◆ **Work order**:
Nothing should appear in the answer except the lines below from the line containing "Gardner Bender 12-10" through the line containing "Men's Forest Flannel Shirt", copied exactly, with pictures left out.

◆ **Exercise data**:
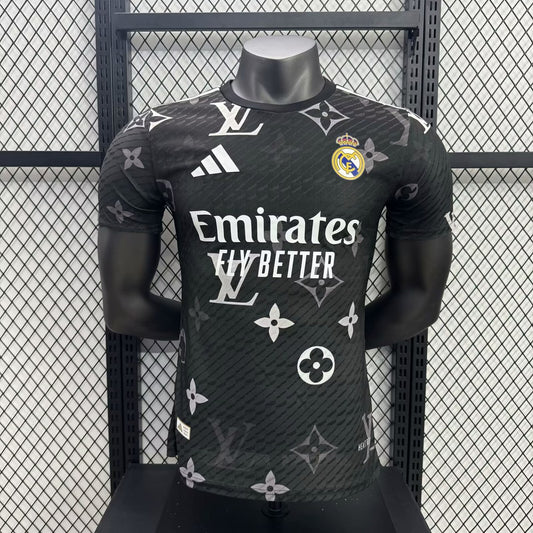 LV Real Madrid Special Edition Player Football Jersey 2025/2026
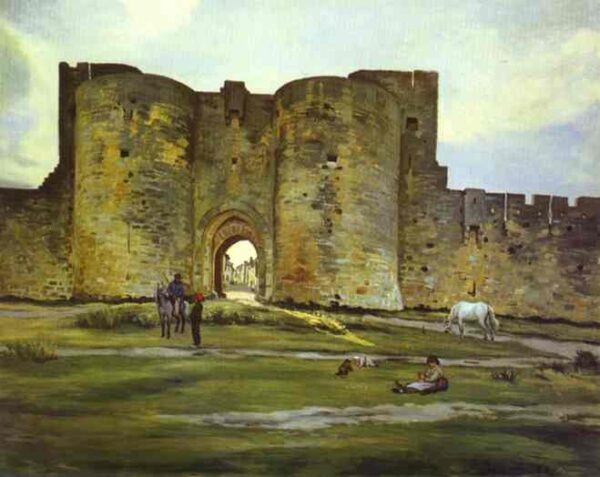 Puerto de la Reina en Aigues-Mortes – Frédéric Bazille Frédéric Bazille 2024-11-21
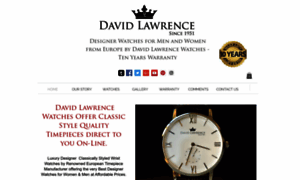 Davidlawrencewatches.com thumbnail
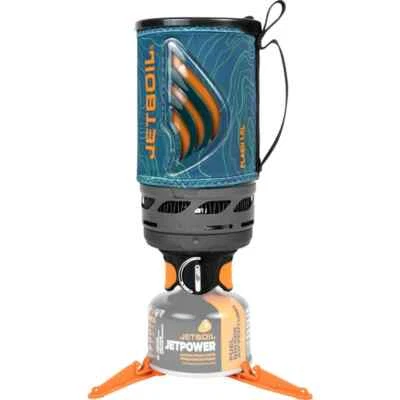 Jetboil Flash 1.0L Fast Boil System (2025) - Ocean Topo - Image 1 of 4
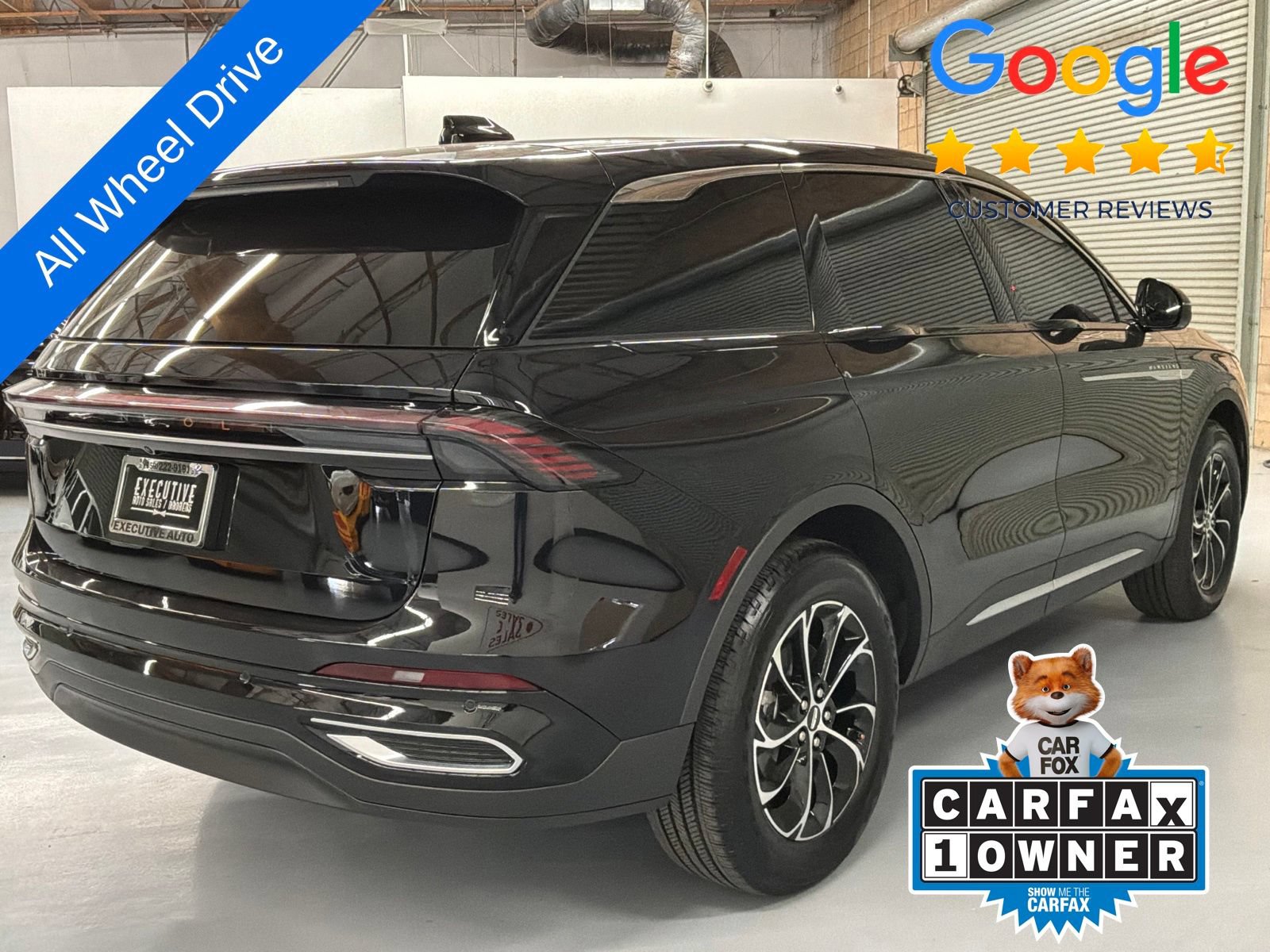 Used 2025 Lincoln Nautilus Premier AWD/4WD image 5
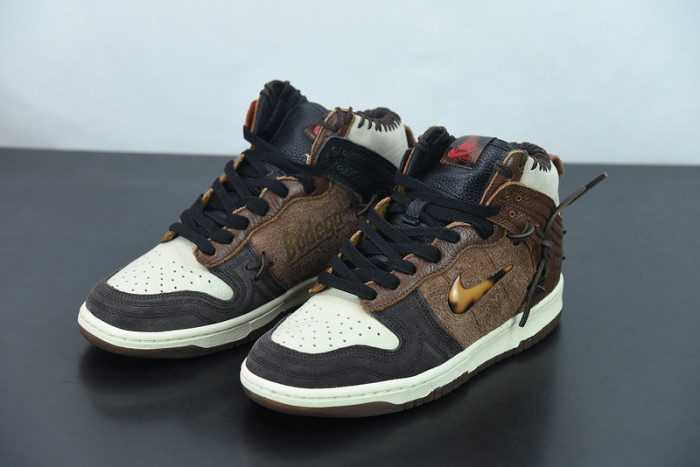 bodegar x nike sb dunk high "legend" cz8125-200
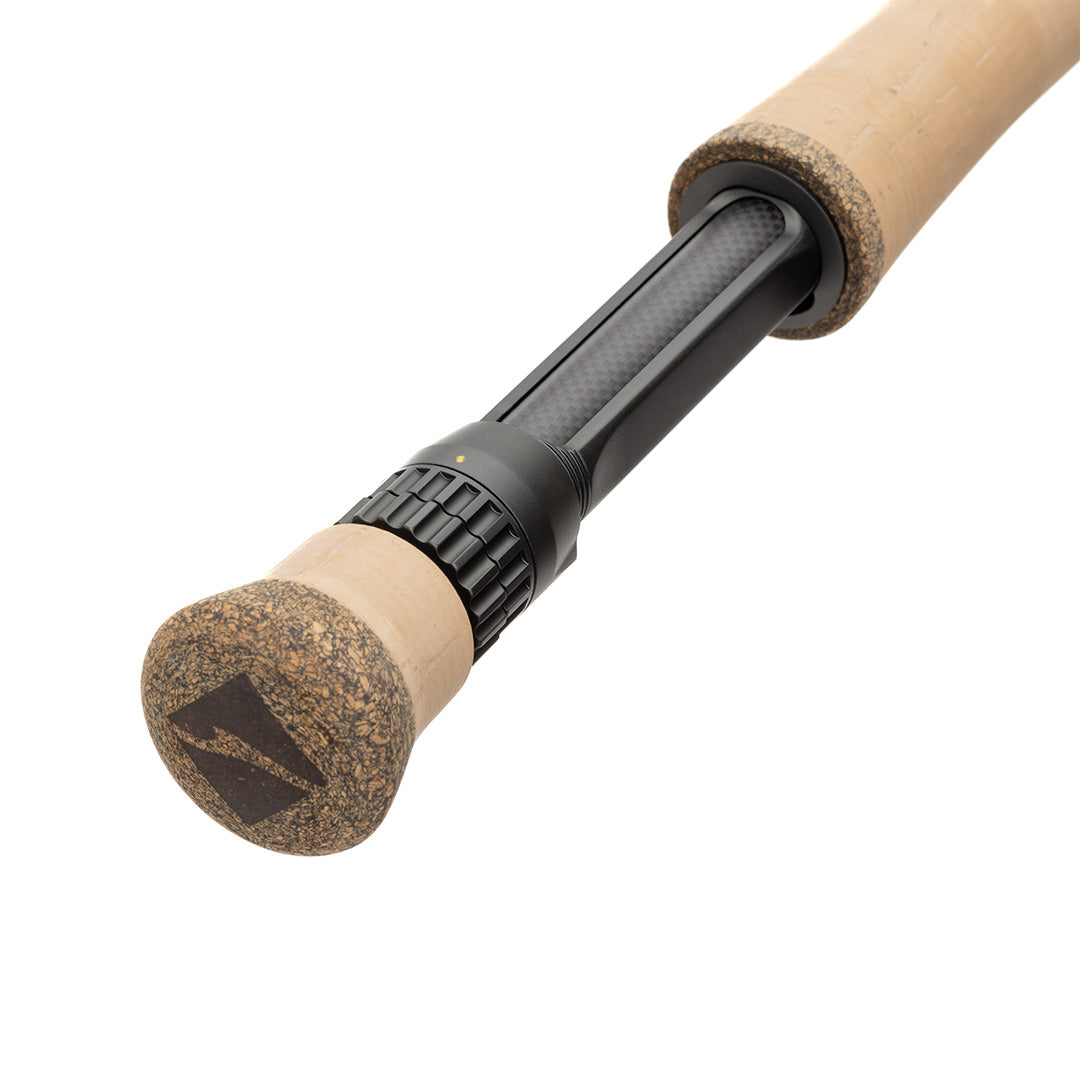 Lamson Fly Fishing Speedster fighting butt view
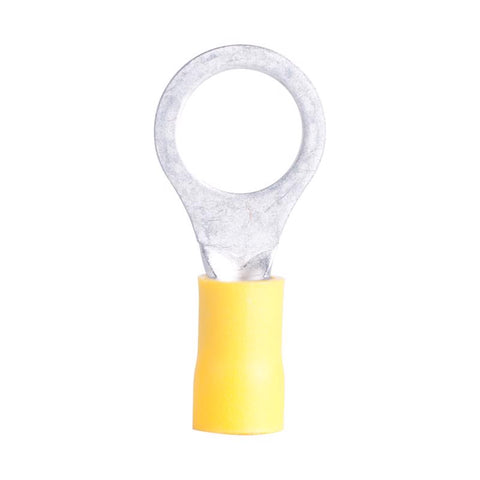 Gardner Bender 12-10 Ga. Insulated Wire Ring Terminal Yellow 7 pk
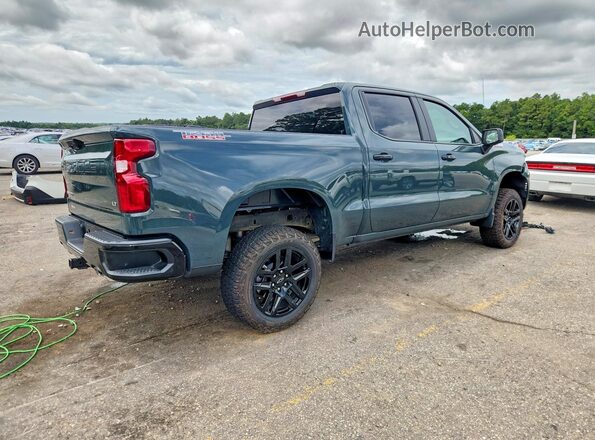 3GCUKFED0TG188299 2026 CHEVROLET SILVERADO Blue უკანა მარჯვენა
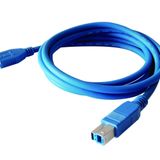 Codegen CPM23 3 mt USB 3.0 to USB B Erkek-Dişi Mavi Yazıcı Kablosu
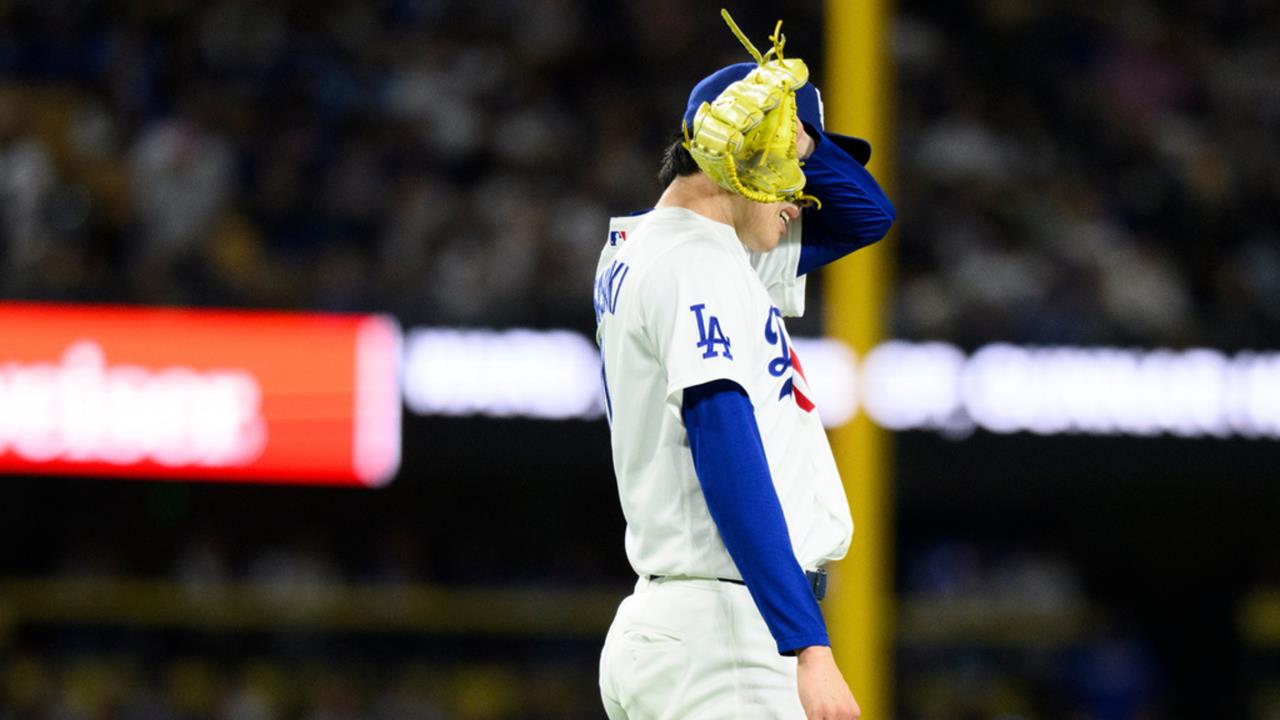MLB(影)/再度慘希希!道奇朗希先發「1.2局大核爆」挨教士打線三轟狂丟6分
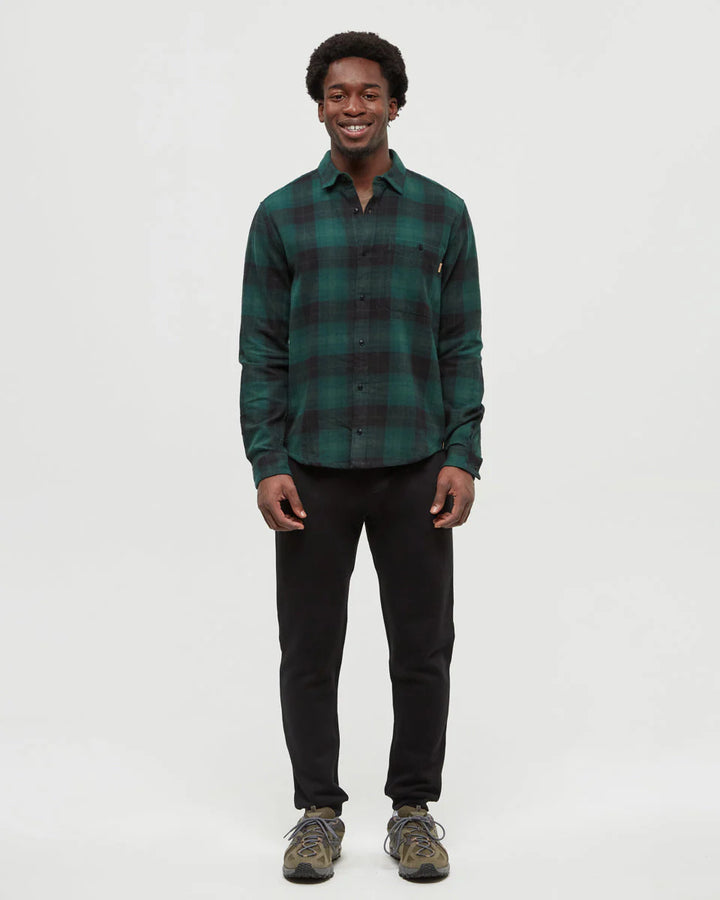 Men's Forest Flannel Shirt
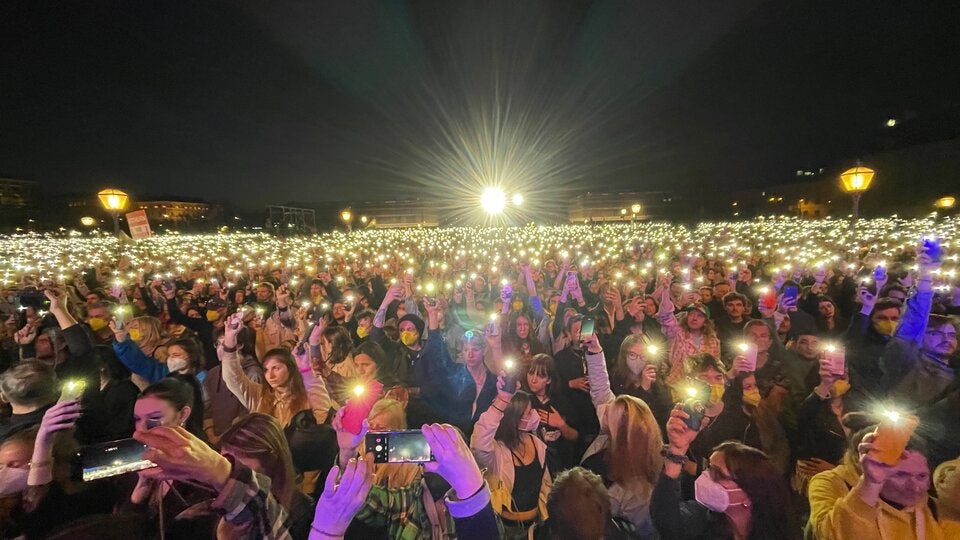 Conchita rettete Ukraine-Benefiz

◆ **Written solution**:
 Gardner Bender 12-10 Ga. Insulated Wire Ring Terminal Yellow 7 pk
 3GCUKFED0TG188299 2026 CHEVROLET SILVERADO Blue უკანა მარჯვენა
 Codegen CPM23 3 mt USB 3.0 to USB B Erkek-Dişi Mavi Yazıcı Kablosu
MLB(影)/再度慘希希!道奇朗希先發「1.2局大核爆」挨教士打線三轟狂丟6分
 Men's Forest Flannel Shirt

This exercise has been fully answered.